Crises reveal the fragility of political orders and the precarity of their future. When, in a crisis, the state of normalcy seems to vanish, the openness of future developments presents itself as a threatening variety of possibilities. Democratic and non-democratic regimes alike must cope with such phenomena of accelerated change in order to maintain stability and preserve their legitimacy. However, unlike electoral democracies, authoritarian regimes, possess fewer formal norms and institutions to ameliorate extraordinary circumstances and are thus especially prone to crisis. We therefore explore authoritarian strategies of conceiving, coping with, and evaluating crises to gain a better understanding of the functioning and stability of authoritarian orders.
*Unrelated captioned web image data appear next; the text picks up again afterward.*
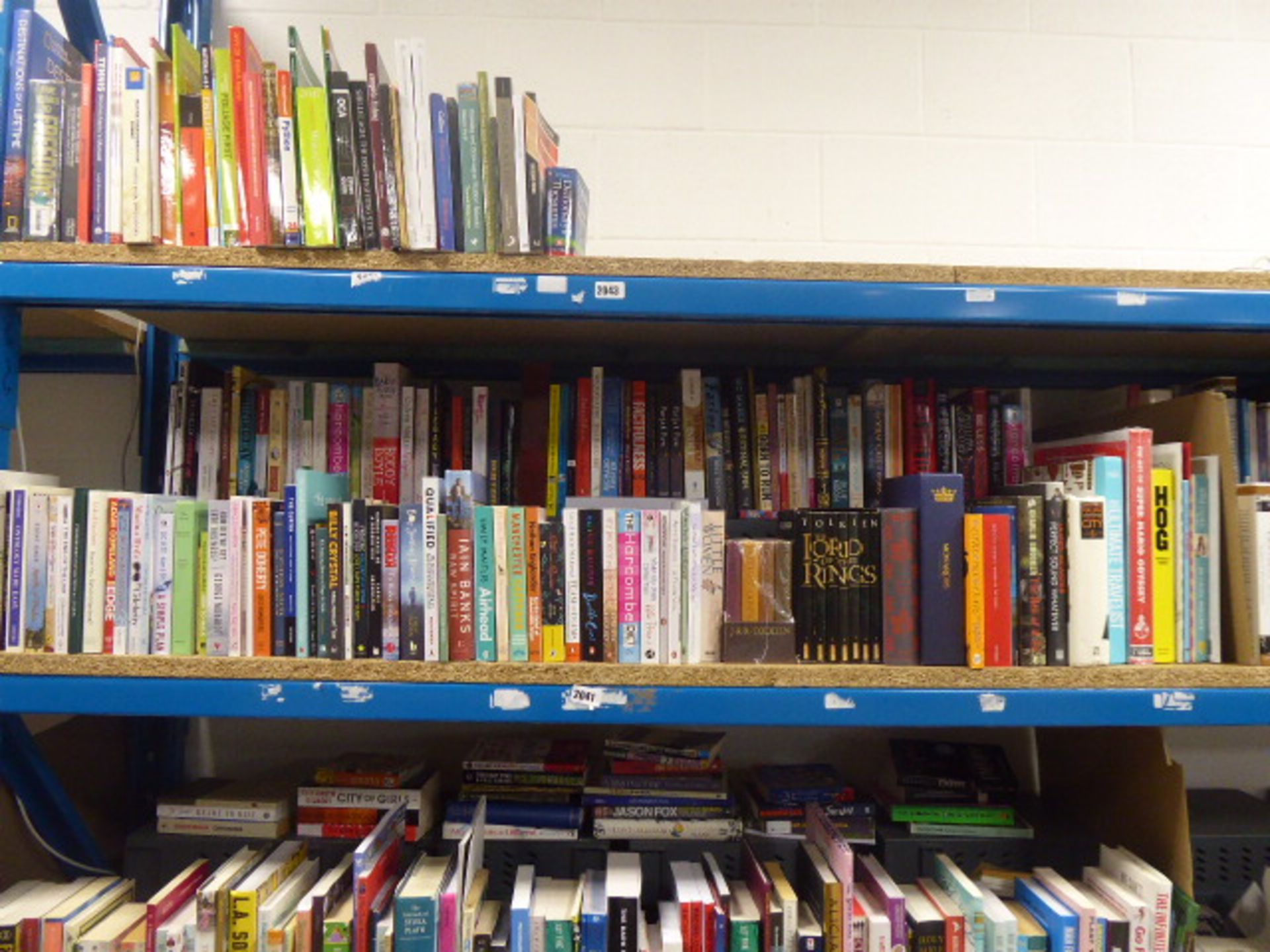 Shelf containing a selection of hard back and paperback novels, reference and other books.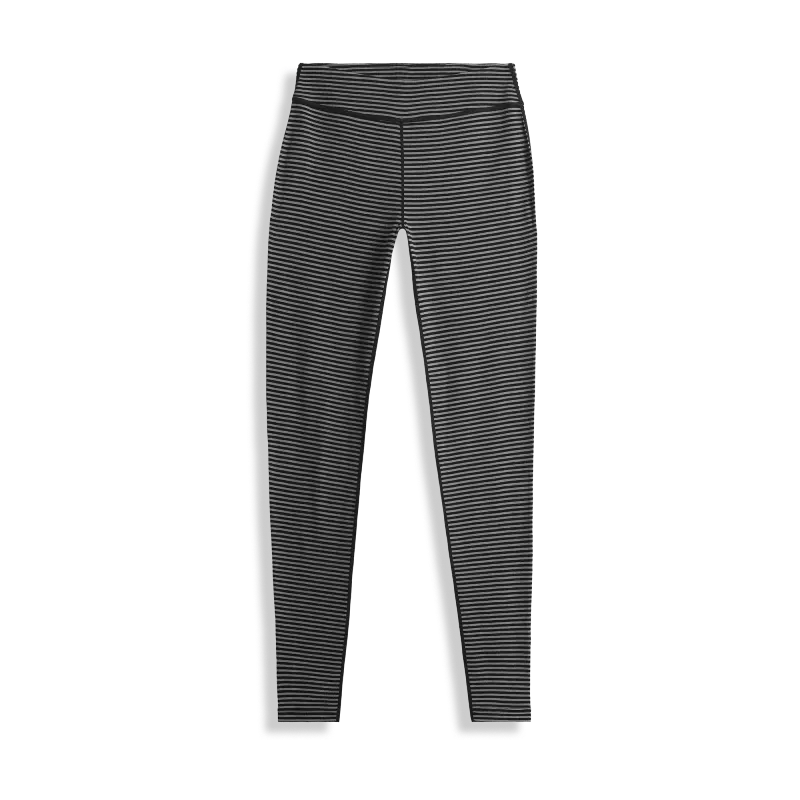 Black and white striped merino wool base layer leggings for cold-weather hiking and autumn outdoor activities.
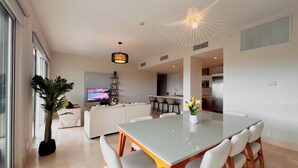 A modern living room with a dining area, a kitchen, and a TV in the background. - Tropical Retreat 2BR in Plaza Puntarena (Rio Hato)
For a long time, scholarship has focused either on democracies in crisis or on crisis-ridden authoritarian regimes that become democratic. More recent studies have turned towards non-democratic regimes, confining themselves, however, to a relatively narrow definition of crisis as a short and existential threat to rule. Crises, however, are phenomena of perception originating from individuals’ assessments of a shifting situation. Thus, every crisis is open to contestation, culturally and historically distinct, and can appear in a broad variety of circumstances beyond or beneath the level of “regime crisis”: for example, there can be political (legitimation, leadership succession, generational transfer), economic (financial, debt, consumption), societal (demographic, migration, unemployment), and ecological (natural catastrophes, food supply) crises.
Crises can be as different as the regimes that undergo them. In Ancient Rome, dictatorial rule was invoked as a temporary tool for crisis management that was supposed to disappear after an elected dictator had resolved the given crisis. Modern non-democratic regimes tend to be more durable, however, the more adaptive they are to shifts and challenges.
We welcome contributions from a broad range of fields such as history, political science, sociology, anthropology, and all area studies, especially focusing on Africa, Asia, or Latin America, that may address (but are not limited to) one of the following aspects theoretically or empirically:
– Perceiving crisis: Political leaders try to anticipate extraordinary situations in order to properly react to them—they may detect a crisis where their fellow leaders see no threats; they may collectively neglect a looming crisis or even anxiously construct a state of imminence. In any case, crisis are phenomena of perception.
– Timing crisis: Crises may occur as short-term or long-lasting; they may remain latent or manifest clearly. In any event, crises are accompanied by a special notion of temporality, i.e. the acceleration of decline and the halt of progress.
– Locating crisis: Extraordinary situations may stem from within the echelons of power or from societal discontent; they may be triggered by exogenous or endogenous causes and affect the center and/or the periphery.
– Shaping crisis: Crises may represent critical turning points. Political regimes may originate from or fade in crises; they may strengthen their grip or lose power in times of crisis. Thus, crises appear as transitions from normalcy to states of emergency, from perceived stability to a threatening openness of future.
– Learning from crisis: By observing strategies of crisis management at home and abroad, political leaders can adapt their governance: they can gather crisis knowledge to avoid future challenges or improve the techniques of handling extraordinary situations; they may reshape the way of commemorating past crises to serve present political needs.
Please send an abstract (300 words) outlining your potential contribution and a brief CV to Martin Wagner (email@example.com) by March 1, 2020.
This conference is part of the joint project "From Totalitarian to Authoritarian Rule: Comparing Dictatorships in Transition," and is made possible by funding from a Princeton-Humboldt Strategic Partnership Grant.